Weight loss tips? Listen, here's a weight loss tip for you: oral sex burns 400 calories when done properly. It doesn't matter if you're giving or receiving. So, if you want to lose weight, don't diet and hit the gym. Just drop to your knees and pump it up.

Sweet Cheeks said...

Memphis...you crack me up!
:)

EmmaK said...

memphis steve...you definately can burn 400 calories doing oral sex...but only if you do it on yourself.

sweet cheeks...I think that reading between the lines he had a very small bird and only once he had pruned its nest could he even see its beak, so you have to feel sorry for him, bless his cotton socks.

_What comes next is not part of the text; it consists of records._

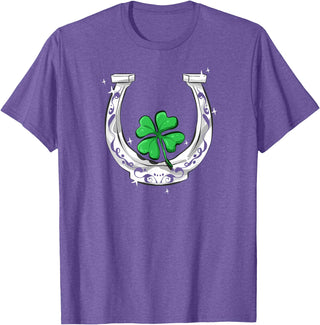 Lucky Clover Horses Co Horseshoe Lucky Four Leaf Clover Horse T-Shirt - Purple Heather
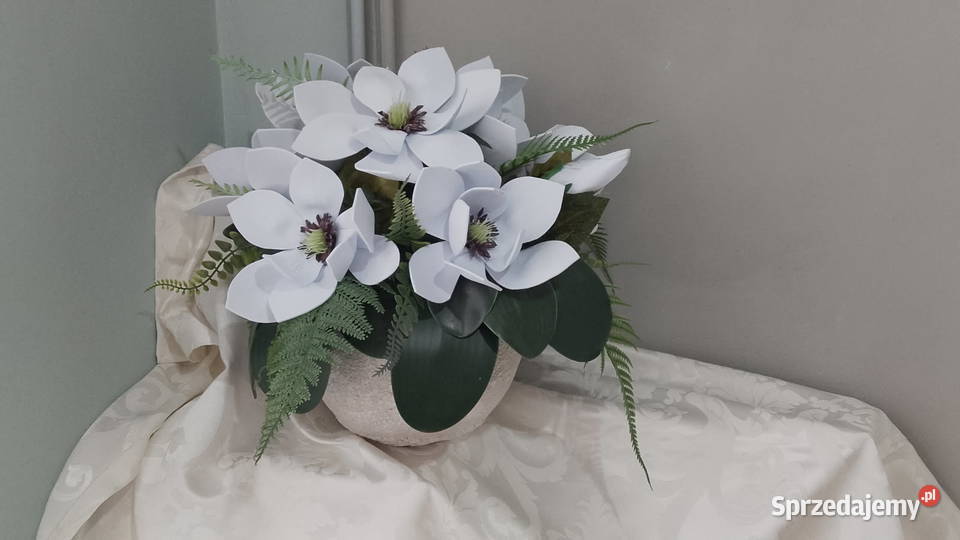 Dekoracją do domu bukiet magnolii Sztuczne kwiaty i owoce Dekoracje i ozdoby Częstochowa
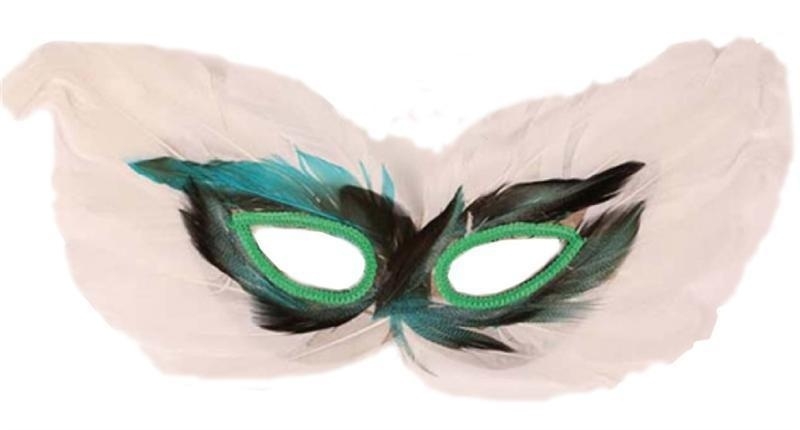 Oogmasker veren wit Oogmasker veren wit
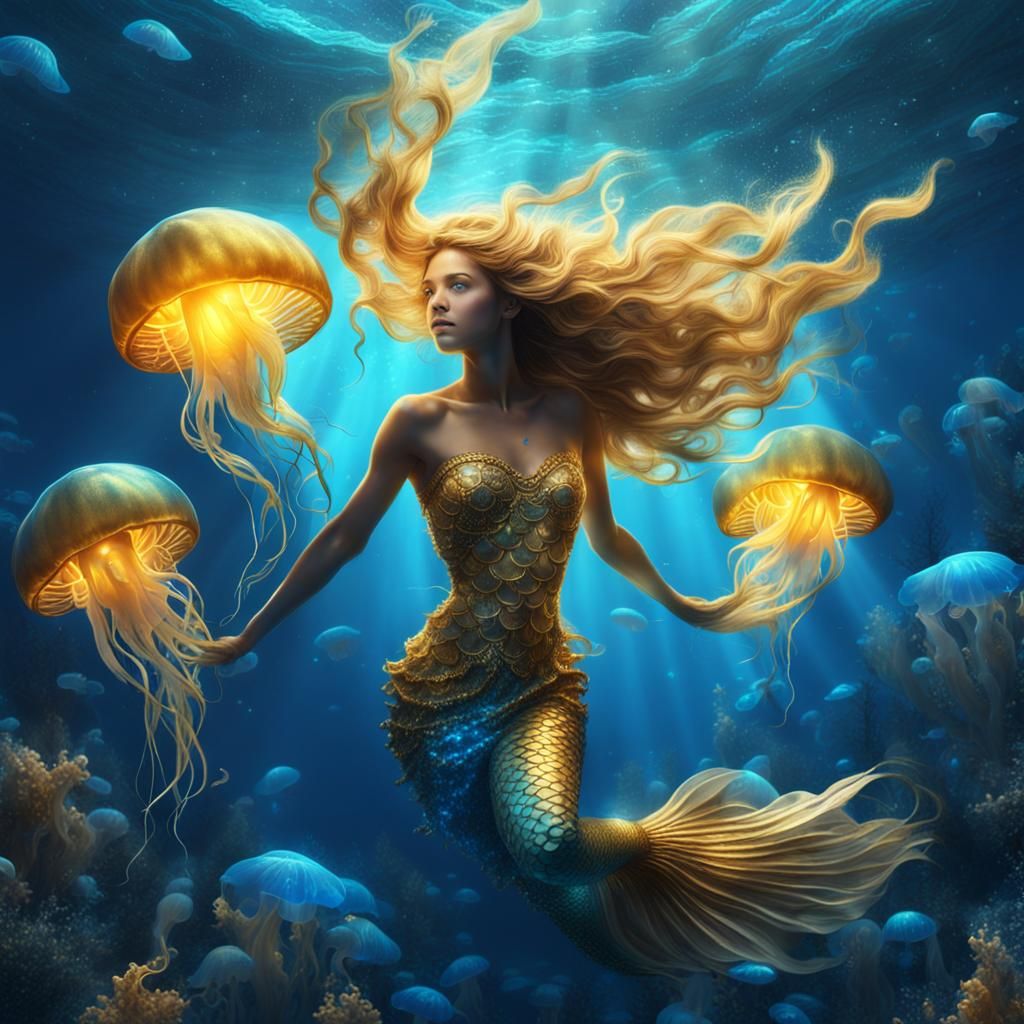 Golden Mermaid in Ocean with Jellyfish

kara....So are you gonna buy this for your other half this christmas?

peevish mcsnark...I'm glad you groom yourself to keep your ladies happy

rocco tool...I disagree with that, if you go down on a guy who's shaved you end up getting razor burn. I say just clip it. The debate rages on lol

Misssy M said...

The word "manscaping" has to be one of my favourites. When I heard it at first, I laughed for about a week.

EmmaK said...

misssy m...lol...in that case I'm starting a manscaping business, do you think my old lawnmower would be up to the job?

unique_stephen said...

Next thing blokes will be trimming their armpit hair.